**What you need to do:**
Reproduce exactly, and only, the lines of the material below running from the line bearing "RE8 Train Line Map" through the line bearing "Conjunto Bebê com". Leave any pictures out.

**Material for this task:**
'''
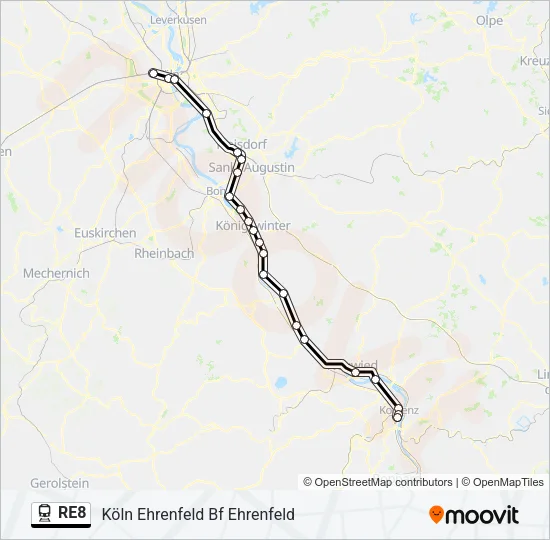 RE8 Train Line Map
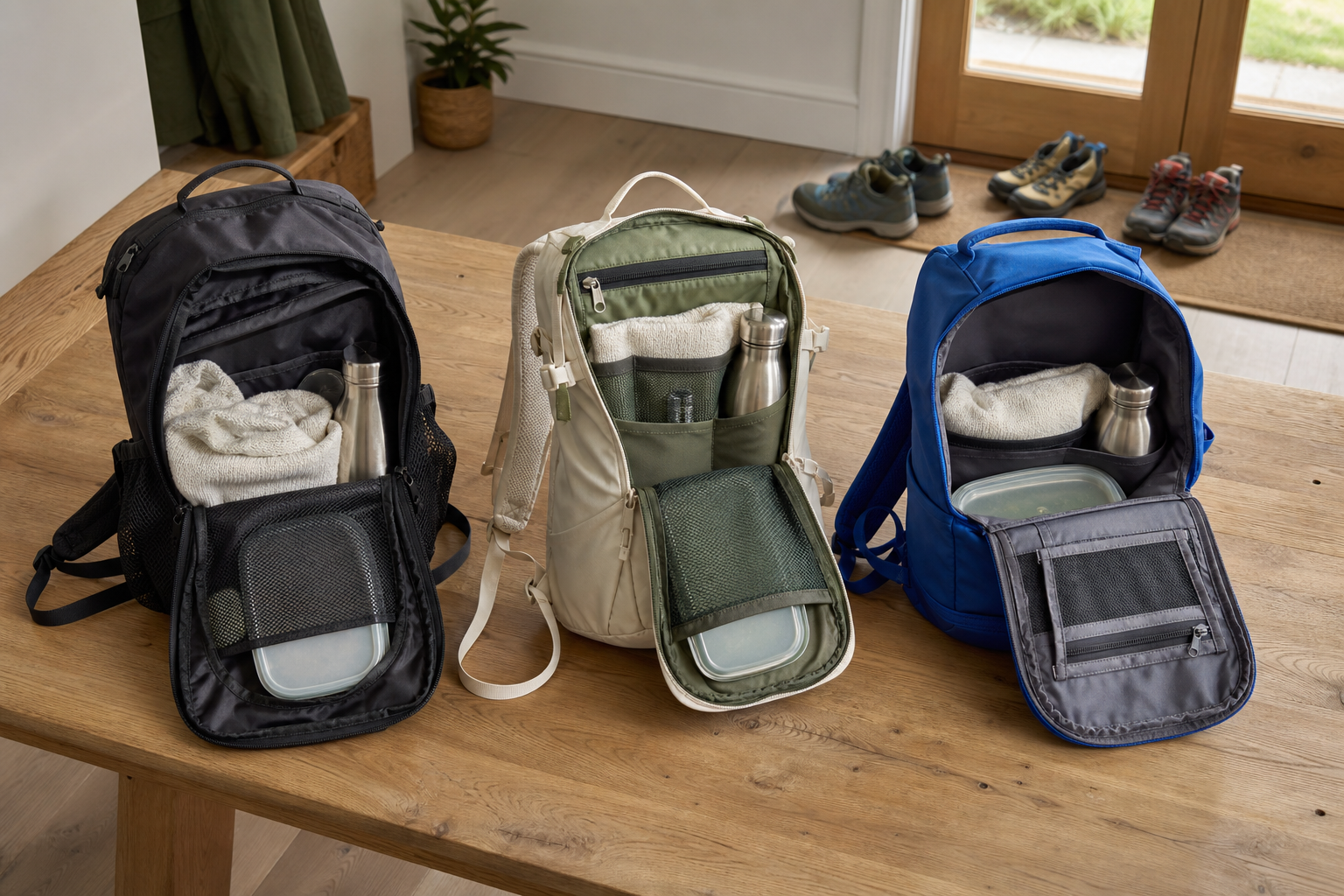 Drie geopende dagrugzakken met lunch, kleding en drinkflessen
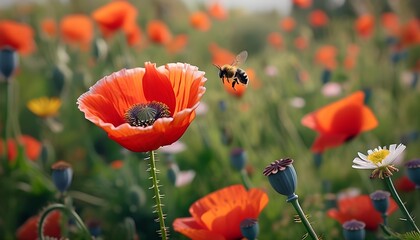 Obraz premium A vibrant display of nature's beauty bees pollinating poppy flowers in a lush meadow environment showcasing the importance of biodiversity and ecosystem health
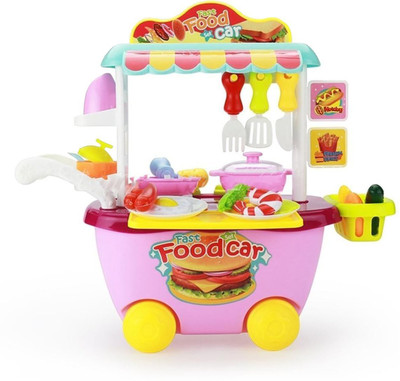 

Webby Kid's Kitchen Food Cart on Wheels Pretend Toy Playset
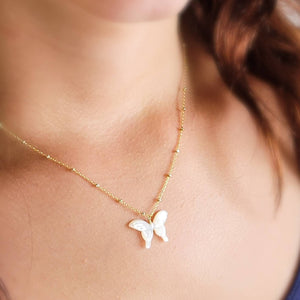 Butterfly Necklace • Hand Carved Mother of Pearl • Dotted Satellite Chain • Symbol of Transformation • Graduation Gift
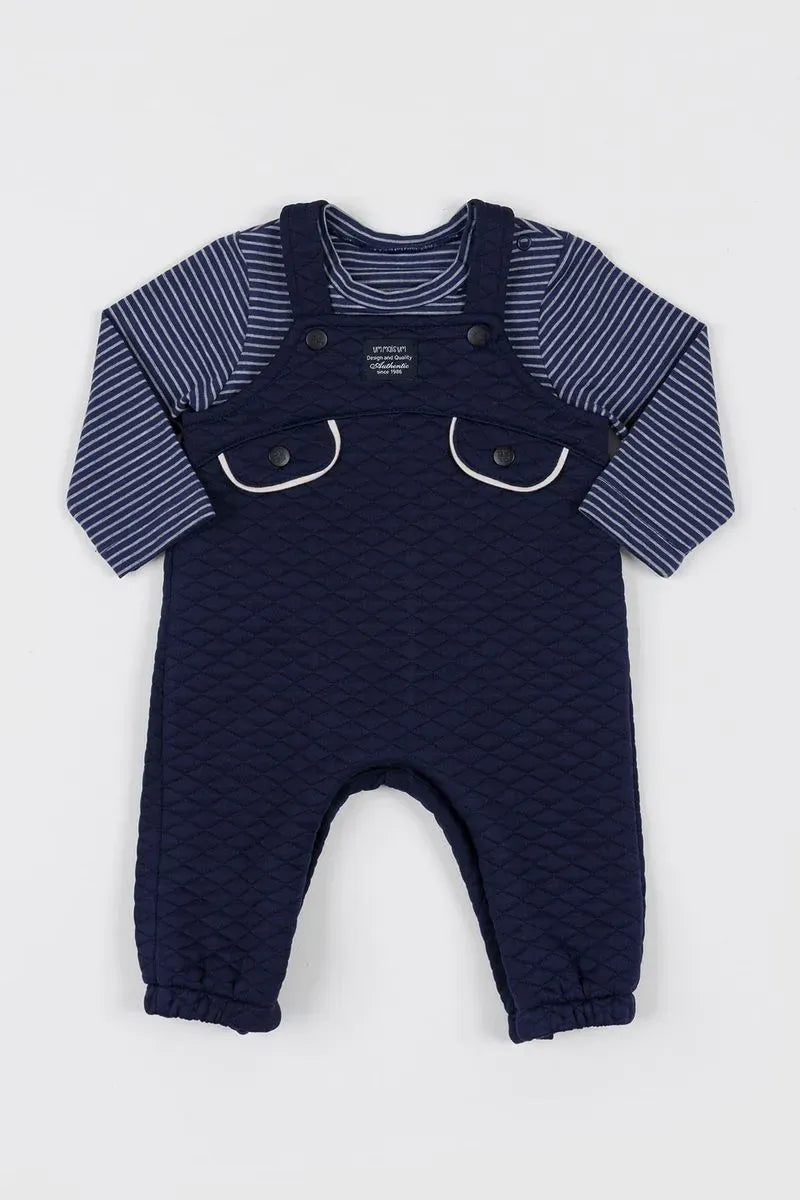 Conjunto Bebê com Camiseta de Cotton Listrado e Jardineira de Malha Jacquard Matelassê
'''
'''
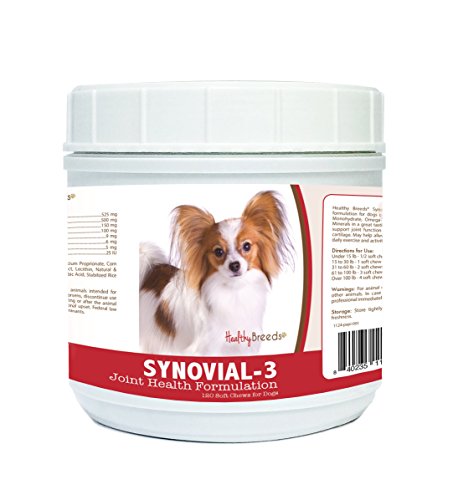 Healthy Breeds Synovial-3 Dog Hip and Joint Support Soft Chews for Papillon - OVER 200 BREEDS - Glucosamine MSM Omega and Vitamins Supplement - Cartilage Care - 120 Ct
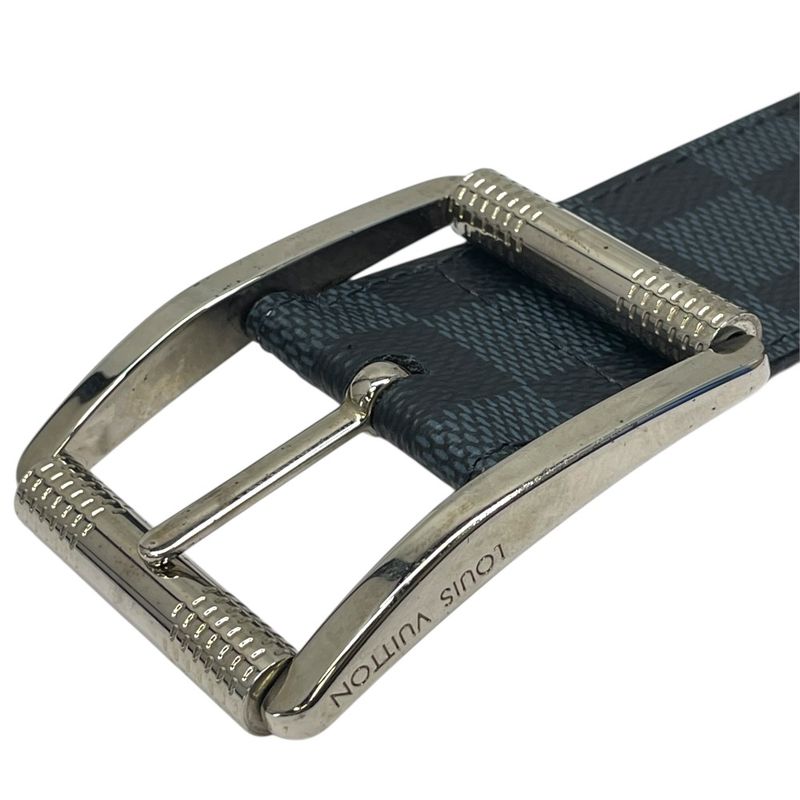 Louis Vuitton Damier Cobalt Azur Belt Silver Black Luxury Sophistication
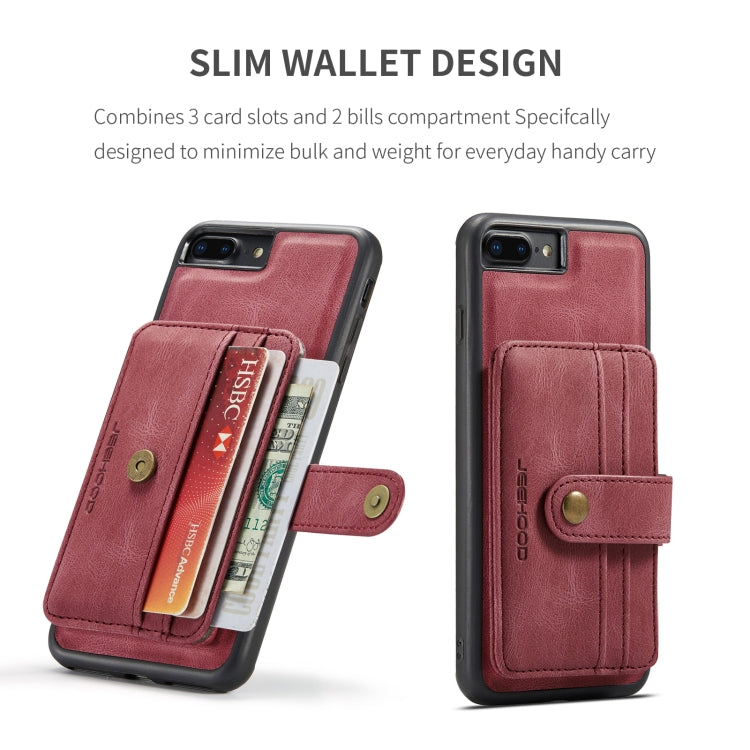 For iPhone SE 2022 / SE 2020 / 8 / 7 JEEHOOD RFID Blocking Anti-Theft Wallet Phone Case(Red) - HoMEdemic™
'''
**Answer to this exercise:**
 RE8 Train Line Map
 Drie geopende dagrugzakken met lunch, kleding en drinkflessen
 Obraz premium A vibrant display of nature's beauty bees pollinating poppy flowers in a lush meadow environment showcasing the importance of biodiversity and ecosystem health

Webby Kid's Kitchen Food Cart on Wheels Pretend Toy Playset
 Butterfly Necklace • Hand Carved Mother of Pearl • Dotted Satellite Chain • Symbol of Transformation • Graduation Gift
 Conjunto Bebê com Camiseta de Cotton Listrado e Jardineira de Malha Jacquard Matelassê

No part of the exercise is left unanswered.